Today is Veterans Day.
It seems irreverent in a way to say “Happy” Veterans Day (though I’m not sure what else you’d say). For veterans, being a veteran is not about being happy. It’s about sacrifice, honor, and duty. It’s about loss, loneliness, and recovery.
I am eternally grateful to each and every veteran who has put the needs of our country above those of themselves and their families. It’s not just the man or woman who serves that sacrifices. It’s their families and their friends, too. I have seen this sacrifice made so willingly and honorably time and again, and it amazes me every time.
The sacrifices a soldier makes is often not their lives. It’s their bodies, their minds, their relationships. All so that you and I can be free to discuss things like politics and religion. So that we can wake up every morning and have the freedom to choose what career we will start, what we will teach our children, which grocery store we will choose to frequent. So that we have the freedom to disagree with those in authority, or even to disrespect these soldiers’ very sacrifice.
Too many times, though, the sacrifice that is made is their lives.
It’s gut-wrenching for me to think about the loss that is endured by the loved ones of a soldier. Knowing that their loss was a gift given, rather than an accident that happened or an illness that was ruthless. It takes my breath away.
Some have made this sacrifice anonymously, and without fanfare and honor.
The picture above is of the Tomb of the Unknown Soldier at Arlington Cemetery. It is an emotional experience to stand in this place and watch other soldiers guard this resting place so humbly and fervently. To watch the changing of the guards is an experience like none I have ever had. There is honor for their loss, even in anonymity. If you can, you must see it.

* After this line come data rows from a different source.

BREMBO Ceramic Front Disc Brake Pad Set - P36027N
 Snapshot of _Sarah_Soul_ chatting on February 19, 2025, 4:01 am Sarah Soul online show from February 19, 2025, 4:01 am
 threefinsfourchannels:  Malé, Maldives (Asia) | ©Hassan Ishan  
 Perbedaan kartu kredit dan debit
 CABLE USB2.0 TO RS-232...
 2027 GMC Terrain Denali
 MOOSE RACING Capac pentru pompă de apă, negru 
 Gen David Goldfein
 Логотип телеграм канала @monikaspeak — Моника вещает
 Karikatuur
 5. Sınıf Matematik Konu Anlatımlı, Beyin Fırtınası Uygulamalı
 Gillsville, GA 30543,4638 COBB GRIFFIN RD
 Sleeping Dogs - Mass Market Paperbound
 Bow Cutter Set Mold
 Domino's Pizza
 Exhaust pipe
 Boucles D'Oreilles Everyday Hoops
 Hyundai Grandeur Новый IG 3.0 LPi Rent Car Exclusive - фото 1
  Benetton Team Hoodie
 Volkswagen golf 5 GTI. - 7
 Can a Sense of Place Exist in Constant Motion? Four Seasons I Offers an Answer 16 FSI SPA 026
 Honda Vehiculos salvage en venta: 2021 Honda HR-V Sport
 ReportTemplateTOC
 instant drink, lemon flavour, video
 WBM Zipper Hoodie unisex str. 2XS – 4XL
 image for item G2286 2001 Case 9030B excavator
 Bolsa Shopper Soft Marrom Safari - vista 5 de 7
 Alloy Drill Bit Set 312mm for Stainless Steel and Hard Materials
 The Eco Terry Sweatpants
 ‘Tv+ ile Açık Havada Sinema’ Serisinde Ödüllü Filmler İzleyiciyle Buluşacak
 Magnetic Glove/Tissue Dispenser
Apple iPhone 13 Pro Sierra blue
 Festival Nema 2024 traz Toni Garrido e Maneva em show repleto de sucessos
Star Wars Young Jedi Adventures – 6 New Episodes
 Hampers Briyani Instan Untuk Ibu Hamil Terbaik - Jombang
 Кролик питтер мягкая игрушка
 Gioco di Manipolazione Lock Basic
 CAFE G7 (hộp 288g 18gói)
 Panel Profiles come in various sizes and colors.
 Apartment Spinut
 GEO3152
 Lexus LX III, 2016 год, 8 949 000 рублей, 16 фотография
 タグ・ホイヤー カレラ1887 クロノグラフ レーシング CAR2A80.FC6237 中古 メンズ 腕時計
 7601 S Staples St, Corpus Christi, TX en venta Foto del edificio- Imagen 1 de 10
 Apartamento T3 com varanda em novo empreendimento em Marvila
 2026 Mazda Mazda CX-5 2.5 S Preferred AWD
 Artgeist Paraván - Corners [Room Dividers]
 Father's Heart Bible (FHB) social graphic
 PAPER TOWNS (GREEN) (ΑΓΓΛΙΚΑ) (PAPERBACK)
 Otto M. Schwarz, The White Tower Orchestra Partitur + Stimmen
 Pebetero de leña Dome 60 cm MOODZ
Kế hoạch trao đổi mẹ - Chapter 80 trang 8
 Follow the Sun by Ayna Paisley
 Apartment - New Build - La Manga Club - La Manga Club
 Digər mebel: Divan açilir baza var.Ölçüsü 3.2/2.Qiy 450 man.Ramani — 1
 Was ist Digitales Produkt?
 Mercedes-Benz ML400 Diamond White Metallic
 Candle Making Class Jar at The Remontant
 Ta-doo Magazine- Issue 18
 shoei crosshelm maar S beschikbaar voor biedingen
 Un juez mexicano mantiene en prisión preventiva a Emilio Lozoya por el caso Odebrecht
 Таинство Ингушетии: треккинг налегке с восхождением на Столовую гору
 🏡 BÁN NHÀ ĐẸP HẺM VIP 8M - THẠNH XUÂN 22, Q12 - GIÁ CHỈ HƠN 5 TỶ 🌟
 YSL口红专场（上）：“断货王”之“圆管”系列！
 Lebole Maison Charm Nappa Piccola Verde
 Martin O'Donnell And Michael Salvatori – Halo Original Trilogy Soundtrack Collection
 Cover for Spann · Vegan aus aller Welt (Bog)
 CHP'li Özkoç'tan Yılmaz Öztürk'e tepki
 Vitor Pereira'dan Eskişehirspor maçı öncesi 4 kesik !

I’ve been asked about how I would feel if one or both of my sons decided to join a branch of the armed forces, and for me the answer comes immediately.
I would be so proud.
Don’t get me wrong — I would worry. But these gifts God has given me are not mine. I’m so blessed to be their mom, but they are not mine to keep. They are for me to teach and grow into people who love. People who see that there is more around them than just themselves. People who see that the world is not here for them, but that they are here for the world.
If they felt the tug to defend our country and protect our freedoms, it would be an honor to witness their service. They have so much to offer to the world, and it would be so beautiful to see their talents and abilities used in such a noble way.
My job is to raise Spartans. Spartans know that there is something bigger than their little world. They understand that there is a cause greater than themselves, and that it is their duty to fight for that — no matter what it is. It could be caring for broken people, loving the unloved and marginalized, leading a family, or simply being a man of character and integrity.
And should that cause be the armed forces, I would be so proud.
So today, with a knot in my throat and a catch of my breath, thank you veterans for your service, your bravery, your honor, your selflessness, and your sacrifice.
I have cousins, uncles, grandparents, and friends who have served. Do you have a loved one who has served? Feel free to honor them here! And be sure to give them a hug today.